Skip Sempé, aus New Orleans stammend, seit vielen Jahren in Frankreich lebend, Cembalist, Dirigent, Musikphilosoph, ist einer der neugierigsten, umtriebigsten Alte-Musik-Künstler unserer Tage. Sein neues Projekt: Bach auf zwei Cembali. Gewagt.
Bildquelle: Paradizo
"Der grundlegende Gedanke ist, dass das Cembalo viel mehr "kann", als man normalerweise annimmt, und so entschieden wir uns, ein hochriskantes Projekt voranzutreiben: zwei Cembali." "Ein hochriskantes Projekt vorantreiben" - eine Formulierung, die zu ihrem Schöpfer so recht passt: Skip Sempé ist ein Mann für ganze Sachen, einer, der die Herausforderung sucht, der es wissen will.Die Musik Johann Sebastian Bachs gehört dabei nicht unbedingt zu Sempés weitgefächerten Kern-Interessen. Die kaprizieren sich auf französische Barockmusik ebenso wie auf die Tanzmusik der Renaissance, die er mit seinem Ensemble "Capriccio Stravagante" in "symphonischer" Klangfülle aufleuchten lässt, die englischen Virginalisten begeistern ihn , aber auch die Cembalosonaten des Italieners Domenico Scarlatti. Also, wenn ein solcher Perfektionist und Querdenker sich auf Bach einschwingt, dann ist Besonderes zu erwarten, ja, Außergewöhnliches.

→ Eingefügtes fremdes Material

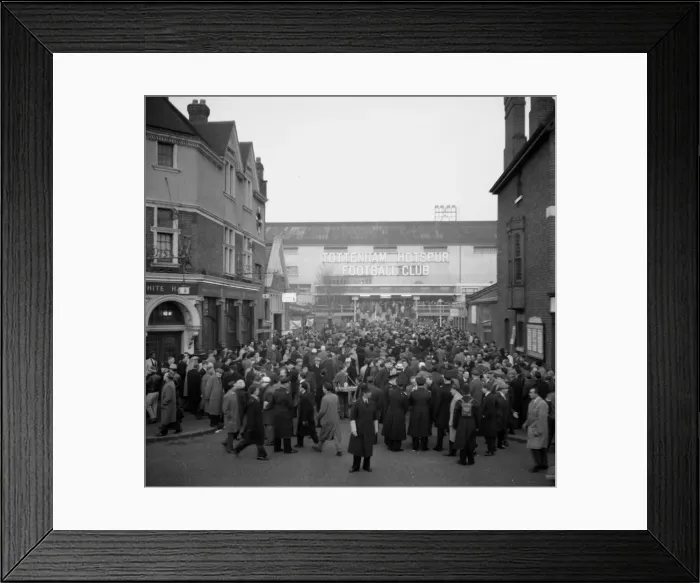Framed Print : 1961  /  62 Season European Fairs Cup Tottenham Hotspur v Benfica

Und außergewöhnlich ist diese CD in der Tat: "Originalen" Bach nämlich wird man auf ihr kaum finden. Stattdessen: Drei Präludien und Fugen, die Bach für Orgel komponierte, dazu eine Vielzahl von Stücken, die Bach für Orgel oder ein Cembalo bearbeitete, sowohl eigenen also auch solchen anderer Komponisten: ein Konzert für zwei Violinen und Streicher Antonio Vivaldis etwa, Streicher-Konzerte des Herzogs Ernst August von Sachsen-Weimar, Kammermusik von Bachs Hamburger Vorbild Johann Adam Reinecken. Alles hier eingerichtet für zwei Cembali. Transkriptionen von Bearbeitungen von Transkriptionen also, mehrfach gespiegeltes, verwirrenden Metamorphosen unterzogenes musikalisches Material. Darf man das? Und/oder: bringt's das?

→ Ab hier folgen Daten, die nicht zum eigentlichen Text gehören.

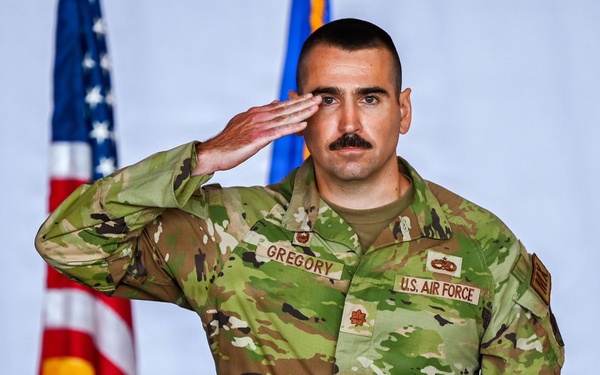 552nd AMXS welcomes new commander during change of command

Man darf, und ja, das bringt's allemal. Wenn man es so fulminant tut wie Sempé und sein musikalischer Bruder im Geiste, der junge kanadische Cembalist Olivier Fortin. Traumverloren wild ist, was die beiden Schwarmgeister hier mit dem Schwarmgeist Bach anstellen, intelligent und enthusiastisch zugleich. Gerade das oft minimal nicht ganz exakte Zusammenspiel, eines von Sempés faszinierenden cembalo-ästhetischen Grundprinzipien, entfesselt diese Musik. Arpeggien wie aus schimmernder Seide, Tonleitern wie Feuerwerkskörper, Akkorde, die in die Tiefe des Universums nachhallen zu scheinen. Elementar, expansiv, jubelnd, weinend, keine einzige beiläufige Note. Wer will und es verträgt, gibt sich das alles in einer einzigen großen rauschhaften Session. Dass Bachs Musik nicht zu Sempés Kern-Repertoire gehört, habe ich vorhin gesagt. Diese CD lässt dringend hoffen: Noch nicht.